世界観を着替える

  • 2016.10.30 Sunday
  • 19:07

 最近、少しずつ不用品の断捨離を試みているのですが、さっぱりした本棚、さっぱりした部屋に近づくにつれ、「捨てる」という行為は実は、抽象度の高いビジョンへの決断なのかもしれない、と感じるようになりました。捨てているようで、本当はある一つのビジョンを択びとろうとしている自分がいて、そのことが快感なのだと気づきました。

 

〈渾沌〉の明晰な構造化を導くKJ法もまた、完成した図解によって抽象度の高い風景をもたらしてくれます。

 既成のカテゴリーに仕分けする〈分類〉という行為でもなく、全体を細分化して再構成しようとする〈分析〉という行為でもなく、「渾沌をして語らしめる」という創造的な営みとしてKJ法が機能するためには、私たちは「この世界をどのように感受するのか」という世界観からハラを据えて着替えねばなりません。

 霧芯館の研修では、いわばこの〈世界観の着替え〉によって、得体の知れないラベル達が受講者にとってかけがえのない意味を持つ風景として転生するに至る、濃密な時間を過ごしていただくことになります。

 完成した図解が実現している抽象度というものは、分類や分析による機能的だけれどもよそよそしいシステムを形づくるのではなく、個々のデータの〈土の香り〉を残した、非観念的な象徴性を有するものであり、創案者である川喜田二郎によって人間の野性的な本性として見きわめられた〈個〉と〈全体〉の有機的な感受の能力に基づいて、創造的に発想される〈本質〉というものを、私たちに開示してくれます。

 そこでは、抽象的であるということは、具象的な〈土の香り〉と矛盾するものではないのです。むしろ、抽象度が上がることによってこそ、〈土の香り〉が匂い立つような営みです。

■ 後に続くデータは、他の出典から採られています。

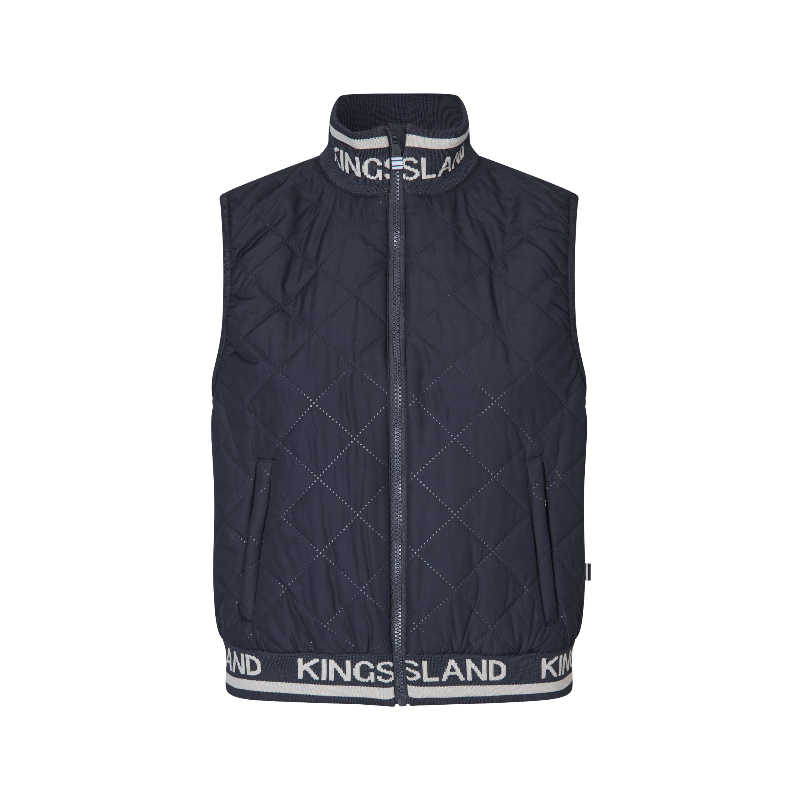 Kingsland - Women's padded sleeveless jacket KLNoelle navy 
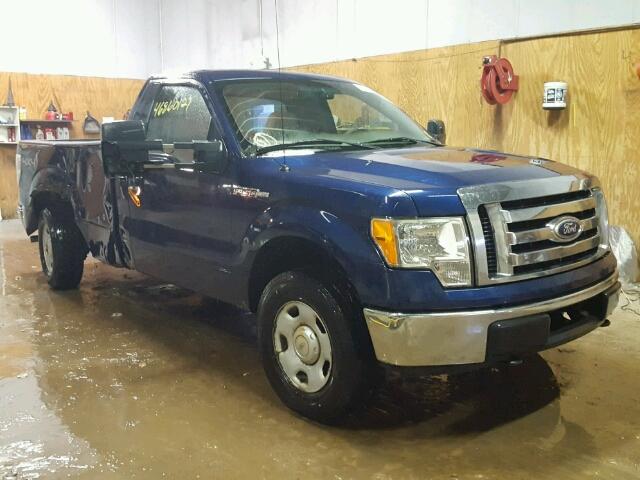 1FTVF14V29KA55082 - 2009 FORD F150 BLUE photo 1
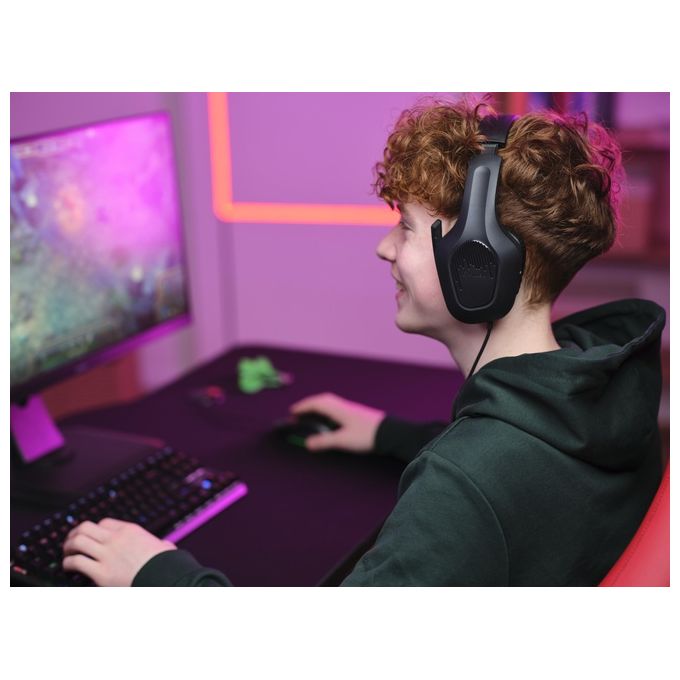 Trust GXT 415 Zirox Auricolare Cablato a Padiglione da Gaming Nero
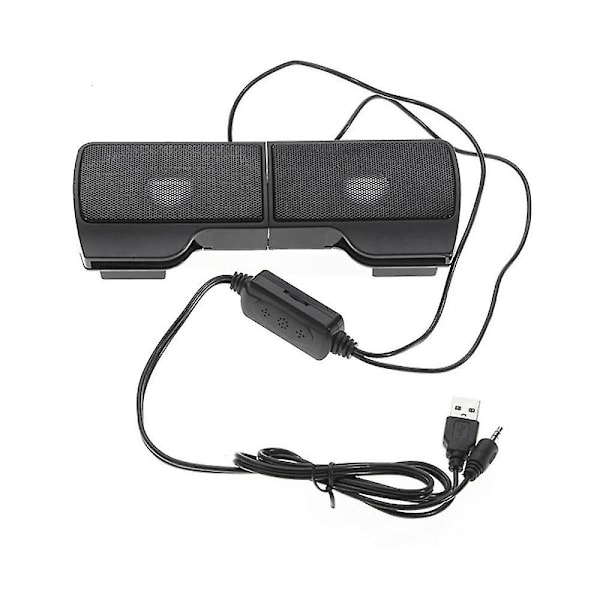 Mini Bärbara USB-stereo högtalare med kontroll för bärbar dator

 何十枚、何百枚というラベル群も、10束以内になるまで統合され、その数束は図解上で〈島〉として配置され、各島には〈シンボルマーク〉と呼ばれる概念が与えられます。島同士が関係線で結ばれ、構造が明らかになることで本質を把握できる感動は、根底から〈世界観の着替え〉を行った者でなければ味わえないものです。

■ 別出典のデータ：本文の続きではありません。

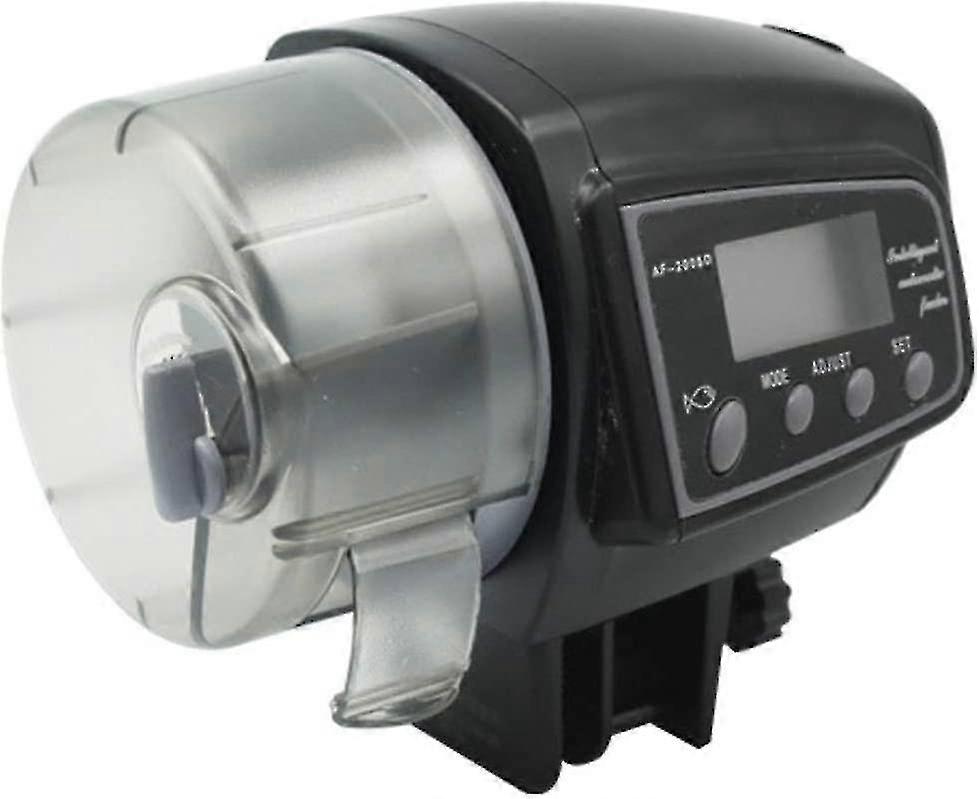 Automatisk fiskeføder med LCD-skærm Akvarietank Justerbar timer Intelligent dispenser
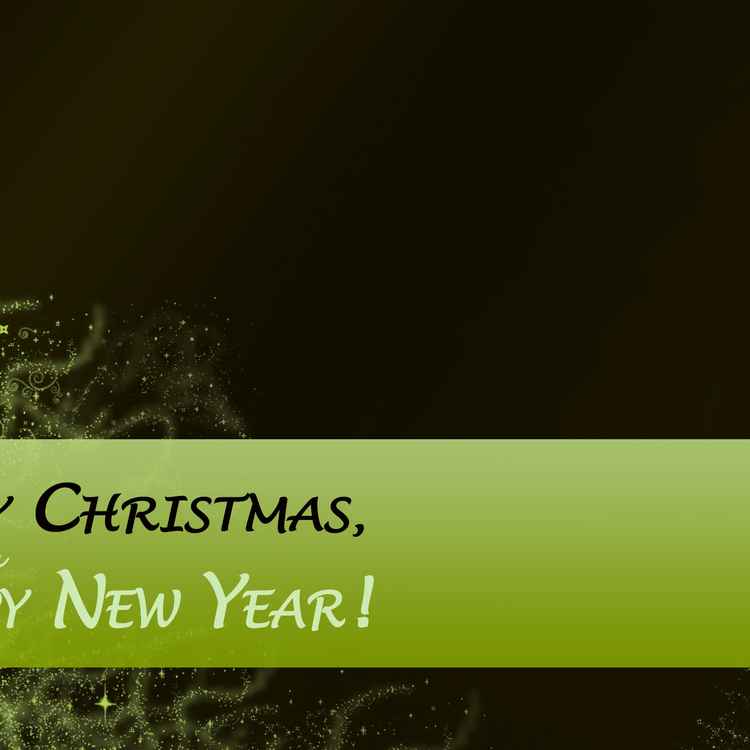 grüne Weihnachtskarte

 統合が繰り返されて抽象度が高まる時、下位のラベルは決してそのニュアンスを捨てられることなく新たな概念として表現されるべきであり、この方法には、「捨てる」「断念する」といった場面がありません。全体感を背景にしつつシンボリックに個々のラベルを感受して本質を発想することで統合する、そこにこの方法の核心と醍醐味がありますが、〈全体〉の感受も、その本質の感受も、個々人と渾沌とのやりとりの中で多彩な可能性に開かれていながら、ある一つの〈決断〉へと収束します。この方法の〈決断〉という姿勢、〈主体性〉という概念の豊饒さが実現されるべき場面です。

 何一つ切り捨ててはいないし、こちらの〈我〉を働かせてはいないのに、渾沌がクリアな相貌として訪れることの潔さ、とでもいいましょうか。

 

 部屋の、特に本棚の断捨離を進めながらふと、私はこのことで〈欲〉を捨てようとか何かを手放そうなどと思っているのではなく、自分にとってみずみずしい風景、呼吸が楽になる懐かしくも新鮮な風景を獲得したいという〈欲〉に、むしろ激しく衝き動かされているように感じられました。そのような〈欲〉が湧いてくることが我ながら面白く、生活の中にささやかな〈決断〉という節目を意識するのは、それがどれほどささやかなことでも、世界観の確認と深く結びついていることを噛みしめつつ、秋晴れのような潔くて陰影のある風景を日々目指しているところです。